Em seguida, organizamos em dois capítulos distintos as orientações teóricas a partir das

quais embasamos esta pesquisa. Assim, no capítulo cinco, trataremos das concepções de

linguagem, de enunciado e de dialogismo como entendidas por Bakhtin e Volochinov,

apoiando-nos também em leitores "privilegiados" da obra bakhtiniana, como João Wanderley

Geraldi e Roxanne Rojo. No capítulo seguinte, discutiremos o papel da leitura como prática

dialógica, discutindo-a em três níveis diferentes: no ambiente escolar, de uma forma mais

abrangente, no livro didático de Língua Portuguesa e, por fim, tratando da tira cômica e de

seus aspectos particulares, nas atividades de leitura. No item sete, destinado à metodologia,

esclarecemos os pormenores que envolveram a delimitação da natureza da pesquisa, a escolha

dos livros analisados, a geração e o tratamento dos dados, dentre outras escolhas feitas com o

intuito de enfocar nosso objeto de estudo da forma mais cuidadosa possível.

Chegando à análise dos dados, optamos pela divisão dos trabalhos em três capítulos

distintos. No primeiro deles, Sobre as orientações para o trabalho com a leitura no Guia do

Professor, trazemos sinteticamente os objetivos delimitados por cada equipe de autores em

relação ao trabalho com a leitura, bem como outras informações que pareçam pertinentes.

Esse capítulo tem mais uma função de resenhar os Guias do Professor do que necessariamente

de analisá-los, ao contrário do que propomos no capítulo seguinte, Aspectos da leitura no

livro didático de Língua Portuguesa. Neste, iremos abordar as atividades de leitura a partir da

análise de sete aspectos recorrentes nessas atividades, que classificamos como sendo as

nossas categorias de pesquisa. Cada uma delas será exemplificada por tiras e questões

correspondentes que se mostraram representativas no momento de geração dos dados.

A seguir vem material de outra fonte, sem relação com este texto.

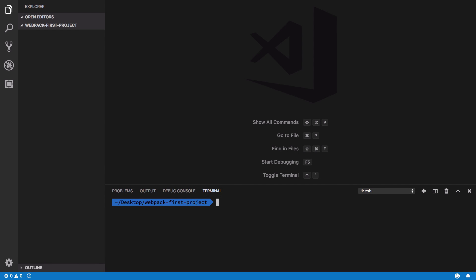All right everyone, welcome back. In this video we're gonna start off with webpack. I'm gonna set up a very basic webpack zero configuration project just to get a taste of it. So once you are done installing node and npm, what you have to do is just verify first of all.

Elaboramos, em seguida, o terceiro capítulo da análise, Percalços e contrapontos entre a

teoria do Guia do Professor e a prática no LDP (livro didático de Língua Portuguesa), como

uma forma de arrematar a análise, fazendo contrapontos entre os dois capítulos anteriores,

direcionando comentários específicos para cada livro analisado, ação que não foi priorizada

em outros momentos da análise, uma vez que não tínhamos a intenção de comparar os livros

escolhidos entre si.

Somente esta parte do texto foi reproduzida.